Write out again, please, the records below from the first line to the line holding "Video thumbnail for", inclusive, and nothing else.

● TASK INPUT:
+ + +

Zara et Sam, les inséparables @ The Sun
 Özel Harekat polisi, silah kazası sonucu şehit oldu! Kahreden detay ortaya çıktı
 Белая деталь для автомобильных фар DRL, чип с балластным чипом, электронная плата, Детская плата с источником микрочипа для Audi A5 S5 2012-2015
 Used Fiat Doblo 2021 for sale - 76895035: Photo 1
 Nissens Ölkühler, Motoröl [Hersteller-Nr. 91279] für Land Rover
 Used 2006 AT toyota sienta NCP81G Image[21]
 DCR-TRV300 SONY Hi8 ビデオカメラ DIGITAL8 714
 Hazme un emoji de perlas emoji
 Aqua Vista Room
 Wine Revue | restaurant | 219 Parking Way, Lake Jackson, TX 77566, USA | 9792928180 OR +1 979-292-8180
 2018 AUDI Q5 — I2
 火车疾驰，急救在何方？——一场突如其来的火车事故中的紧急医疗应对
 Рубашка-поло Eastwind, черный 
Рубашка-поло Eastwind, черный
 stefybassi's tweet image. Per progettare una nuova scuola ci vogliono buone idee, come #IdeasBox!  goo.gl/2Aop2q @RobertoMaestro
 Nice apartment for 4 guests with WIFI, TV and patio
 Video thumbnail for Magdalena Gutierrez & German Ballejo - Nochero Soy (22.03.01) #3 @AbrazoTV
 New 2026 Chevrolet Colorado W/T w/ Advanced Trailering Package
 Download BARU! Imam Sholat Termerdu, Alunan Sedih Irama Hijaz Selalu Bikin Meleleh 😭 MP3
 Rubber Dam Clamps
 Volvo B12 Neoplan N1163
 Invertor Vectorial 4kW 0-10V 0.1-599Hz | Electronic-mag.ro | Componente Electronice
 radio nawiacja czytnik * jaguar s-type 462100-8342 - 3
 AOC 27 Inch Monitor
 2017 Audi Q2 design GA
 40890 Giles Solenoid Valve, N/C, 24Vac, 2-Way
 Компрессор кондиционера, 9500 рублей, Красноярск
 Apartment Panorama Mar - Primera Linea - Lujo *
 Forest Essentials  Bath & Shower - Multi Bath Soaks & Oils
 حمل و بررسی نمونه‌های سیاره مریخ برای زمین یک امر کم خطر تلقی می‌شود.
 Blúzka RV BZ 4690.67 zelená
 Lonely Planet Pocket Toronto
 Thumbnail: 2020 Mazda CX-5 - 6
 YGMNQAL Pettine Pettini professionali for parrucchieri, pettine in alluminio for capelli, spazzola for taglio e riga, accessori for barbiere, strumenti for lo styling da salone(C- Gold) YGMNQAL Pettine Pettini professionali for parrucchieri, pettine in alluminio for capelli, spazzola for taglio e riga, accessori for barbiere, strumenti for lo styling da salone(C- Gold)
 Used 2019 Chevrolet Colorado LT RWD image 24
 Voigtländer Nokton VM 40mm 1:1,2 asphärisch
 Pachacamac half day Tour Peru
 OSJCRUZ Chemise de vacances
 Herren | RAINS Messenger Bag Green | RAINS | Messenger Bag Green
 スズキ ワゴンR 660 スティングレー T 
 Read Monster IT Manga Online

+ + +

● EXERCISE RESULT:
Zara et Sam, les inséparables @ The Sun
 Özel Harekat polisi, silah kazası sonucu şehit oldu! Kahreden detay ortaya çıktı
 Белая деталь для автомобильных фар DRL, чип с балластным чипом, электронная плата, Детская плата с источником микрочипа для Audi A5 S5 2012-2015
 Used Fiat Doblo 2021 for sale - 76895035: Photo 1
 Nissens Ölkühler, Motoröl [Hersteller-Nr. 91279] für Land Rover
 Used 2006 AT toyota sienta NCP81G Image[21]
 DCR-TRV300 SONY Hi8 ビデオカメラ DIGITAL8 714
 Hazme un emoji de perlas emoji
 Aqua Vista Room
 Wine Revue | restaurant | 219 Parking Way, Lake Jackson, TX 77566, USA | 9792928180 OR +1 979-292-8180
 2018 AUDI Q5 — I2
 火车疾驰，急救在何方？——一场突如其来的火车事故中的紧急医疗应对
 Рубашка-поло Eastwind, черный 
Рубашка-поло Eastwind, черный
 stefybassi's tweet image. Per progettare una nuova scuola ci vogliono buone idee, come #IdeasBox!  goo.gl/2Aop2q @RobertoMaestro
 Nice apartment for 4 guests with WIFI, TV and patio
 Video thumbnail for Magdalena Gutierrez & German Ballejo - Nochero Soy (22.03.01) #3 @AbrazoTV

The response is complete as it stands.